No Safe Place is my favorite kind of book: one that brings seemingly different characters together and shows that, lo and behold, they are not so different after all. One that illuminates the connections that the characters have, and that, ultimately, we all have.
Deborah Ellis primarily tells the story from Abdul's point of view. Using vibrant details, she follows his journey from war-torn Iraq where he watched his entire family die, to Calais, France where he is a migrant among many, and now on his way to freedom in England. Ellis balances these difficult details with spare prose, giving readers a deep sense of Abdul's experiences while inviting them fill in the spaces with empathy.

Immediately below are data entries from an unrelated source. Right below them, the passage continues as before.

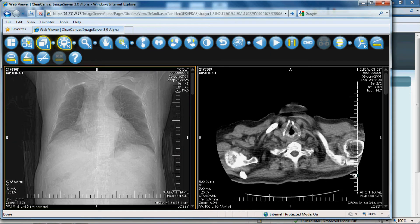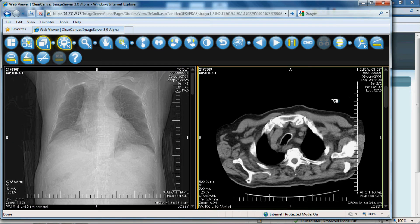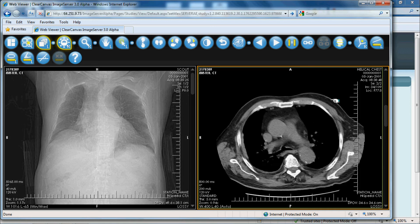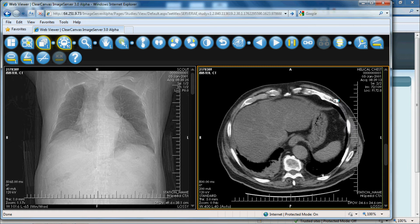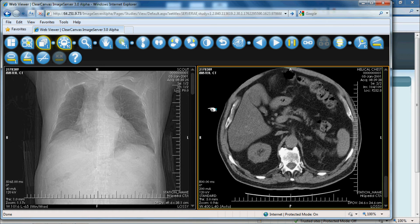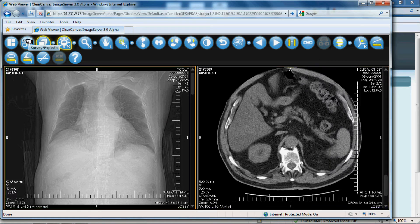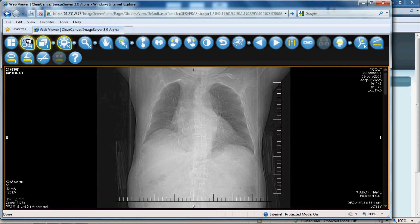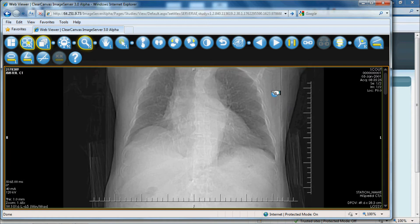The referring physician has the ability to scroll through images and the ability to change the layout. There are multiple tools that they can use — zooming in, pan, and window and level. All the tools needed for a referring physician are at the top of the toolbar.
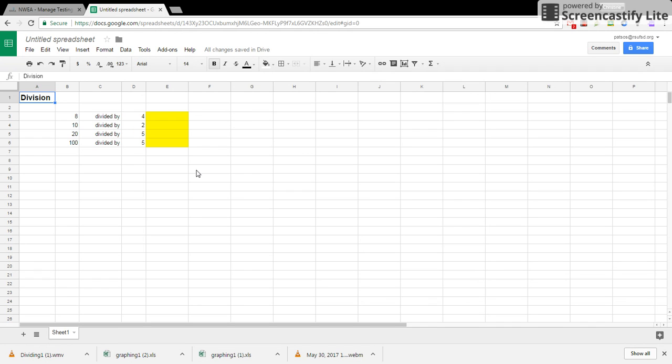Hi, today you're going to learn how to use Google Sheets to divide. You've already learned how to add, subtract, and multiply, so today you're going to learn how to divide.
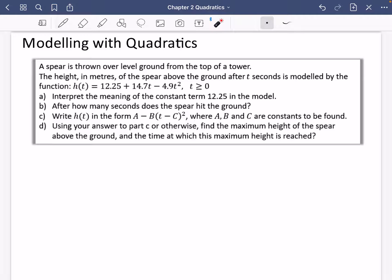We'll have a look at this example. It's not going to be anything new - just using all of the previous skills we've got. The question says: a spear is thrown over level ground from the top of a tower. The height in meters of the spear above the ground after t seconds is modeled by h(t) = 12.25 + 14.7t − 4.9t², where t ≥ 0.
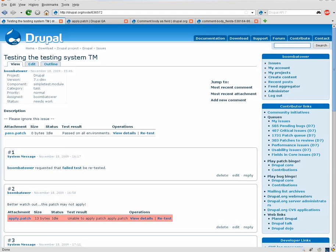Hi, I'm Jimmy Berry. I'm the lead developer behind Drupal's automated testing system. And I'm going to go over some of the new features you'll see in the 2.0 system.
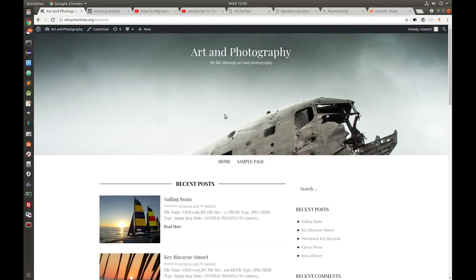Hello everyone and welcome to a new video. Today I'm going to show you how to migrate a WordPress site into a new server or a new host.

The whole novel unfolds in a few short days, and in a small space. This heightens the intensity, and creates a realistic situation in which it makes sense to witness so much emotion and relive the characters' circumstances. The three central characters - Abdul, Rosalia and Cheslav - each explain their history in turn. These flashbacks are carefully placed within the text, after seeing the characters interact in the present, and after feeling the full depth of their present emotions. Because of this, and the multiple points-of-view, the reader is able to draw parallels between the very different situations that led up to this one moment.
The detail, the spare prose style, the compressed time, and the flashbacks in multiple perspectives combine to create a perfectly crafted book. It's an utterly breathtaking read that sheds light on issues that the children of the world face - children in our world and in our time.
Deborah Ellis says of her work, "We have created a world where most children live in some form of war, and I write about them to try to do honour to their strength and courage. I have learned that there is no such thing as 'other people's children.' The world's children are a blessing to all of us. They are also our responsibility."
No Safe Place is a fascinating story that urges us to remember that unless we are all safe, none of us really can be.